Additional alumni have signed the letter since its original publication and those names are not included here.

Dear Bishop Sisk and Members of the Board of Trustees of The General Theological Seminary:

We are members of The General Theological Seminary’s classes of 1972 through 1987. We are no strangers to pain and conflict in Chelsea Square. Ours were the years when the General Convention passed the ordination of women and Rachel Hosmer became the first woman to celebrate the Eucharist in the Chapel of the Good Shepherd. Ours were the years when petitions against Roland Foster remaining dean were brought to the Board of Trustees, and eventually he returned to using his considerable gifts as a church historian and professor. Ours were the years when HIV-AIDS first took the lives of our classmates’ partners or our classmates themselves. So we write to you at this painful, present time first of all with the assurance that the Way of the Cross is the path to Resurrection.

We also want to join the requests of other alumni and alumnae to proceed thoughtfully, prayerfully, transparently, and in carefully outlined order to consider the grievances of the 8 faculty who have presented their concerns to you in writing. We agree with them that their letters in no wise offer you their resignations. While it is possible for you to simply stand behind the authority vested in the Dean and President, we do not feel this course is appropriate conflict resolution. Nor does it carry the likelihood of knitting together a community of redemption in Chelsea Square. We caution you, too, to remember that what is legal is not always what is moral nor what is best.

We also wish to add a request we have not yet seen elsewhere: The allegations concerning the Dean and President noted in the faculty letter are allegations of clergy misconduct. We believe you are quite correct in retaining advisers to investigate those allegations with respect to the seminary as a work place. However, the allegations must also be brought to the bishop in the diocese of Dean Dunkle’s canonical residency. His bishop can and must invoke whatever the policies and processes are in his diocese for dealing with allegations of clergy misconduct.
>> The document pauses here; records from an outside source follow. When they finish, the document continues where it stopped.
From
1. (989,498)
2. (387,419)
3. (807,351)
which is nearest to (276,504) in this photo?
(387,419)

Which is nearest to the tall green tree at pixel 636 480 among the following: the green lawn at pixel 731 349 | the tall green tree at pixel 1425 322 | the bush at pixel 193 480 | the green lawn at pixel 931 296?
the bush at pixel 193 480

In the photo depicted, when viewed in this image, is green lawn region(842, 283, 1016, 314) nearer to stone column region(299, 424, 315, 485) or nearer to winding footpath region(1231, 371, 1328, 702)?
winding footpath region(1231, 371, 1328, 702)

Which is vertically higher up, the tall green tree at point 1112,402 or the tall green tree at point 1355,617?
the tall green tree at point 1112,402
All of us who are ordained would expect nothing less to happen in our own situations.

Finally we also want to point to the needs of our world: Many people, particularly youth and young adults, tell us they are hesitant if willing at all to participate in religion in general and our churches in particular. Our younger generations do not remember a time when clergy abuse and misconduct scandals did not fill the headlines. Nor do they remember a time before mention of religious faiths and institutions in the news was associated primarily with the tragic and radical actions of groups ranging from the Westboro Baptist Church to ISIS. Some of us have already been contacted by reporters asking our comments and insights about what is happening at “our” seminary. For the sake of Christ’s ministry in the world He came to save, please seek creative, faithful ways to represent this crisis in the media. Please be proactive by offering news releases and clear, open communication that shares the truth with hope and faith.

You have our prayers, our hope, and our availability if there are ways we can be of help.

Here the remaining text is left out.